また、デジタルコンテンツの保護を徹底するために、デジタル放送対応PCでは、録画データをセキュアに取り扱うことが求められる。ソフトウェア環境がITマネージャの管理下にある企業のPCならいざ知らず、コンシューマのPCでセキュアな環境を維持するのは必ずしも容易ではない。何よりPCは、毎月システムがアップデートされ、時にブルースクリーンでリセットされてしまうような、ある種の危うさを併せ持つ。再生環境に厳密な一意性を求める保護されたデジタルコンテンツとは、相性の良くない部分もある。
2006年から2007年にかけて、一時リビングルームPCが流行しかけたことがある。ソニーのTP1、富士通のTEO、シャープのインターネットAQUOSなど、家族団らんの場で大画面TVを前提に利用するPCが提案された。しかし、これらは一定の支持を得られたものの、今も製品として継続されているものはない。その理由の1つが、PCが得意とするインターネットコンテンツが団らんの場に向かない(個人に特化しているため、世代を超えた複数の人間で見るのに適さない)ことだとしても、放送のデジタル化により録画データを含む関連データの加工が難しくなったことも影響しているのではないかと思う。
富士通 TEO | シャープ インターネットAQUOS | ソニー TP1 |
しかし、TV放送はTVで、インターネットはPCでという時代ではない。TVもインターネットも、利用者にとっては同じデジタルコンテンツであり、その利用に境界など設けられない。最新のTVの大半はネットワーク接続可能になっている。それでもホームネットワークが普及せず、インターネット接続機能を備えたTVの多くがネットワーク接続されていないのは、そのメリットが小さいか、きちんと伝わっていないからだろう。
こうした部分もデジタルライフ推進協会は改善を図りたいとしている。あえて事業目的にPCという言葉を使わなかったのは、PCやAV機器という線引きを行ないたくないからだろうし、メルコとアイ・オーという長年のライバルが握手してみせたのも、互いの製品の相互接続を可能にしたい、という願いがあるからに違いない。ホームネットワークを推進すると言いながら、自社の製品同士しか接続を保証しない(残念ながらこれは家電カルチャーの一部だ)というのは、ネットワークの否定にほかならない。1社の製品しか共存できないネットワークというのは、悪い冗談である。
もちろん、メルコとアイ・オーが手をとったからといって、簡単に問題が解決するハズはない。上述したように、両社は「新参者」であり、おそらくは「余所者」でもある。

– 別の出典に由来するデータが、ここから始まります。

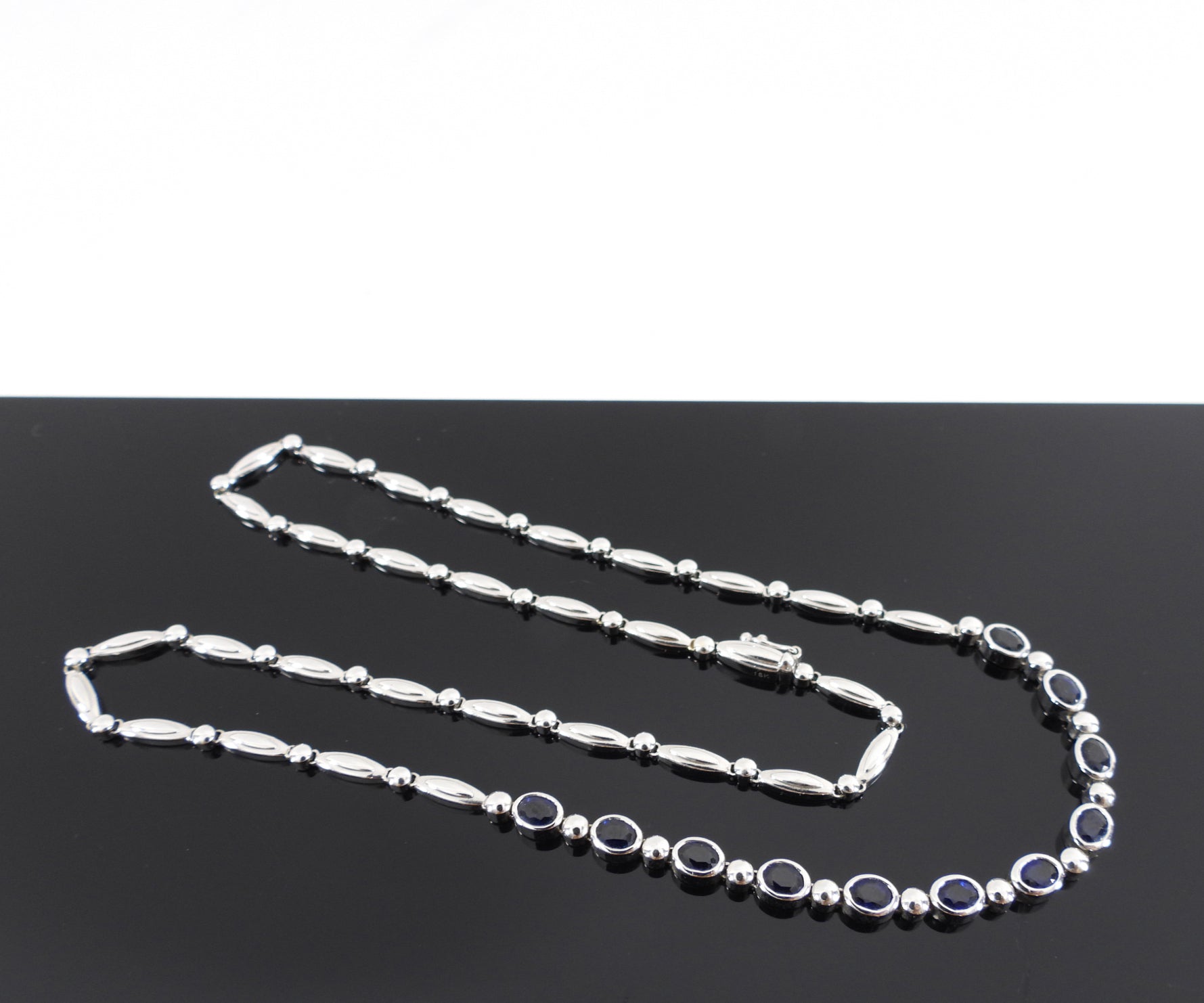 18k White Gold and Blue Sapphire Link Necklace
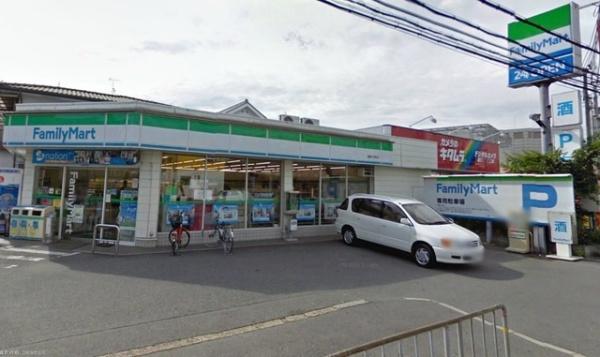 寝屋川市初町　新築戸建(ファミリーマート寝屋川初町店)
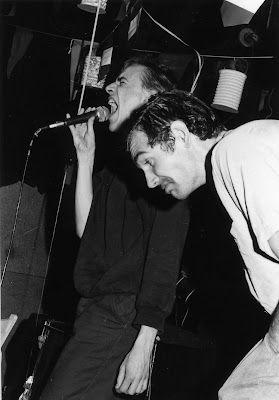 En vivo en La Sébale, Paris, 1983 Como banda telonera de Killing Joke en 'Le Palace'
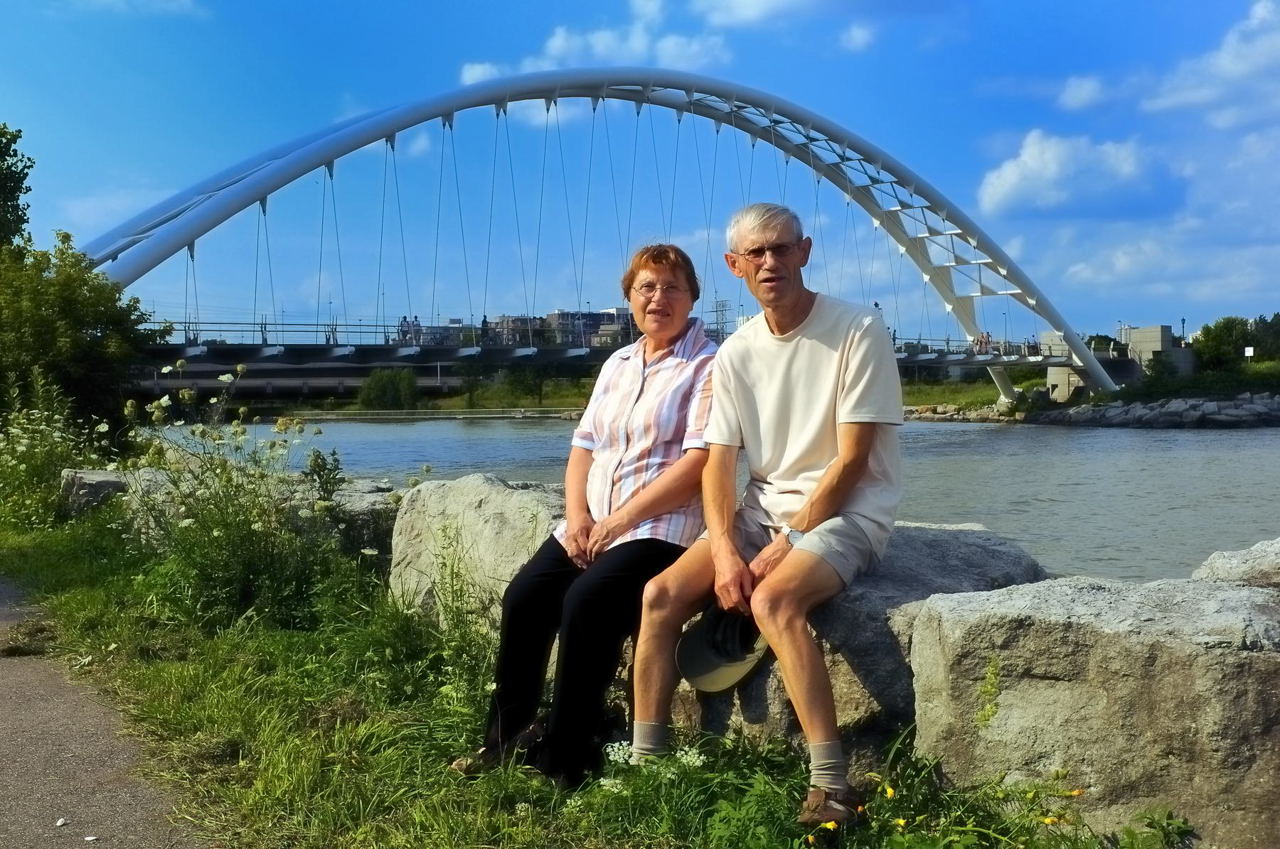 Mamie et Papi devant le pont de la rivire Humber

昨年9月総務省は「経済的に困窮度の高い世帯等に対して、地上デジタル放送を視聴するために必要な最低限度の機器の無償給付」に用いる簡易チューナの一般公募入札の結果、12社の応募の中からメルコホールディングス傘下のバッファローと、アイ・オー・データ機器の2社を採択している。この12社には、家電メーカーも多数含まれていたと思われるが、それを差し置いてこの2社が選ばれた(つまり最も安い価格で入札した)ということにより、この2社が業界の秩序を乱す存在と受け止められても不思議ではない。発表会で細野社長が、デジタルライフ推進協会の賛同会社が短期間で増えるとは思っていない、と明言したのも、このあたりの事情を踏まえてのことだろう。
だが、国内規制に守られ、自社製品同士の接続しか保証しようとしない家電業界に未来はあるのだろうか。かつて日本の家電は世界を制覇したが、今は韓国や中国に優位性を奪われている。保護された国内に甘んじ、利用者より自社の都合を優先していても、将来への展望は開けない。「日本の(家電)メーカーは、ユーザーの声を十分に聞いていないのではないか」という牧社長の言葉をもう1度聞く必要があるのではないだろうか。